## EXERCISE PROMPT:
For the listing below, the answer is an exact retyping of the lines from the one with "BENE Nápoje leták" through the one with "Premium Silk Blend", both included, without pictures.

==== MATERIAL SUPPLIED ====

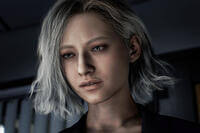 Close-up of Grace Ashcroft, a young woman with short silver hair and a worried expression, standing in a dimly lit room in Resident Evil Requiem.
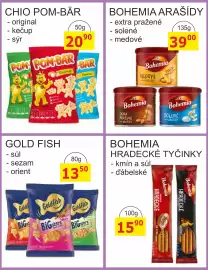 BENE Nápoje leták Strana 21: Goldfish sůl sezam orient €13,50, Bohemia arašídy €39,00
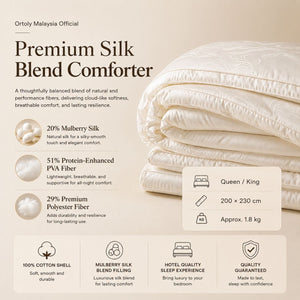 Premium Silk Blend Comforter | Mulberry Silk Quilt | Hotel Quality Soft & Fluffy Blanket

====
==== MATERIAL SUPPLIED ====

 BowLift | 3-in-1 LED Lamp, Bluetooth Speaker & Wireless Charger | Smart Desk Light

====
==== MATERIAL SUPPLIED ====

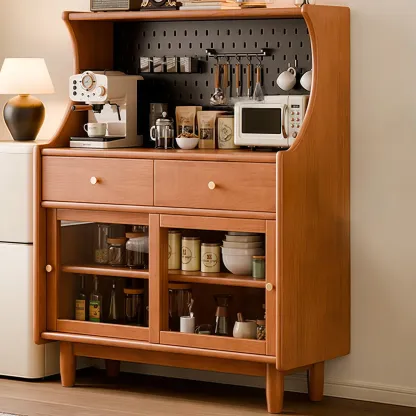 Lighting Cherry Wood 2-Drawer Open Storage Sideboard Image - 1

====

## WRITTEN RESPONSE:
 BENE Nápoje leták Strana 21: Goldfish sůl sezam orient €13,50, Bohemia arašídy €39,00
 Premium Silk Blend Comforter | Mulberry Silk Quilt | Hotel Quality Soft & Fluffy Blanket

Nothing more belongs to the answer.